If you're a user of this product, you look for alternatives. The EU has international assets they can shift B2B financing. Take Palantir who’s allowing governments to use their tech to fuel controversial applications and surveillance systems. If you’re a different country watching what were your allies doing this to itself, it makes you think what would they do to us. Companies become more restrictive out of need and to control their expenses in a down fear driven economy. Places like ad tech get diminished as companies look to use only what they feel is effective and necessary which is ironically bigger companies to them.
Now imagine if it was guns and weapons. Imagine you’re a field commander who doesn’t want to shoot a missile you can’t trust. So manufacturing starts to shift as do investment and companies begin to eat it when it comes to future projections as the market expects them to continue as usual but they can’t.

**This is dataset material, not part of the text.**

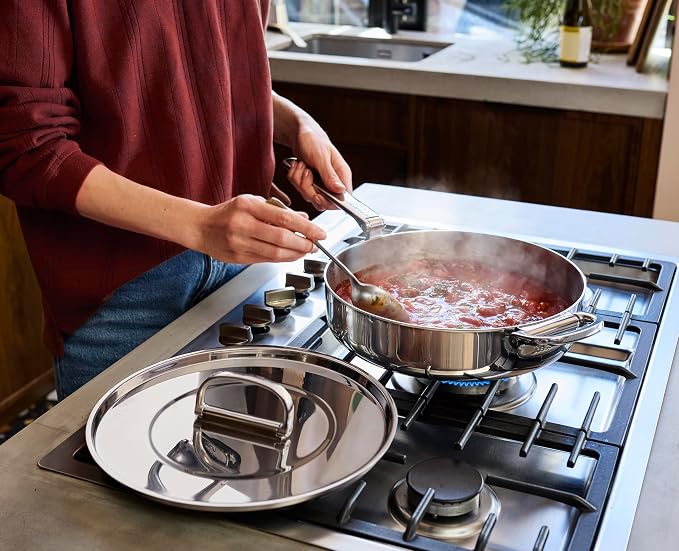 Joseph Joseph Space Steel 3.5qt Stainless Steel Saute Pan with Lid & Folding Handle, Induction & Oven Safe - Image 3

Trump’s tariffs have imploded our market. Over the past year the effective tariff rate on imports increased sharply from the long-run average of ~2.5% to over ~10–14%, significantly tightening cost structures for businesses and consumers [OECD]. That has coincided with a widening U.S. trade deficit — rising back toward historic levels (~$57 billion in late 2025) as imports recovered strongly and exports flagged [Kiplinger]. Higher import costs have contributed to elevated consumer prices.

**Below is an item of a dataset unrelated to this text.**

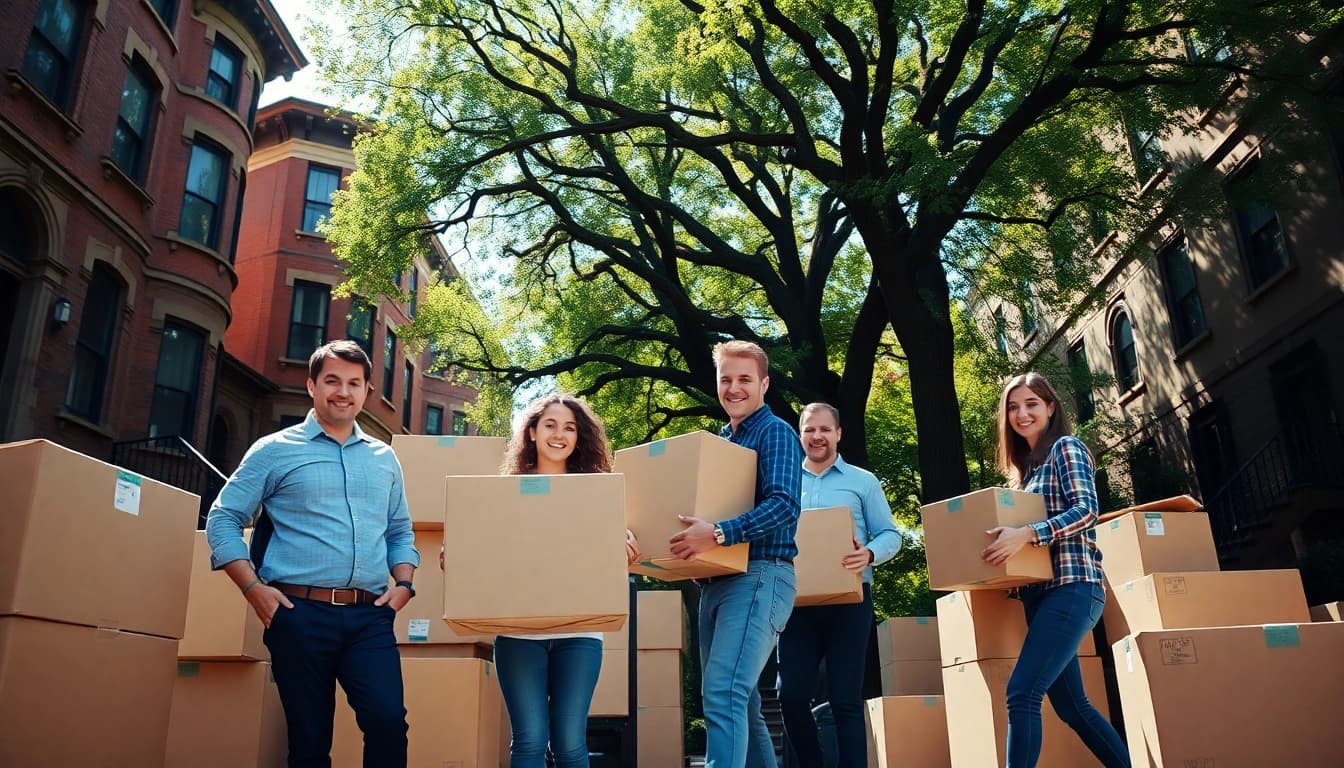 Movers helping a family in Boston, showcasing a reliable boston moving company in action.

His aggression towards allies and US institutions have made them start to turn from the dollar to their own euro, the tariffs have constrained budgets due to costs and have raised prices, businesses see a time to wait out and survive if they can so budget gets constrained and jobs condense. The U.S. unemployment rate hovered around 4.3–4.4% in late 2025 and early 2026 — modest by historical standards but with fragile job growth and wage pressures moderating [Reuters / OECD data].
The economy’s headline inflation has also remained above the Federal Reserve’s 2% target, with core inflation persisting near ~2.6–2.8% over the past year, partly influenced by costs tied to tariffs and geopolitical pressures [Reuters / OECD data].
The K market creates a building built on sand with no foundation. People can't leave their job, they can't find jobs, and their lives are more expensive everywhere so their debt amasses. Now maybe they refinance before excess debt to credit ratio, but most can't really do anything but get further in a hole. People are buckling up to fight their own government.
For earnings and investors this makes them skittish and very conscious of the news which can cause volatile markets. Equity markets showed mixed performance recently, with major indices fluctuating on jobs data and inflation expectations and interest rate outlooks [AP News]. Volatility partly stems from uncertainty about rate cuts, corporate earnings growth, and global trade conditions.
So as these macro dynamics seep in don’t expect earnings to bail you out. The US needs more than anything is an integrity check on the Trump administration, and a really aggressive one, if they ever want things to be great again.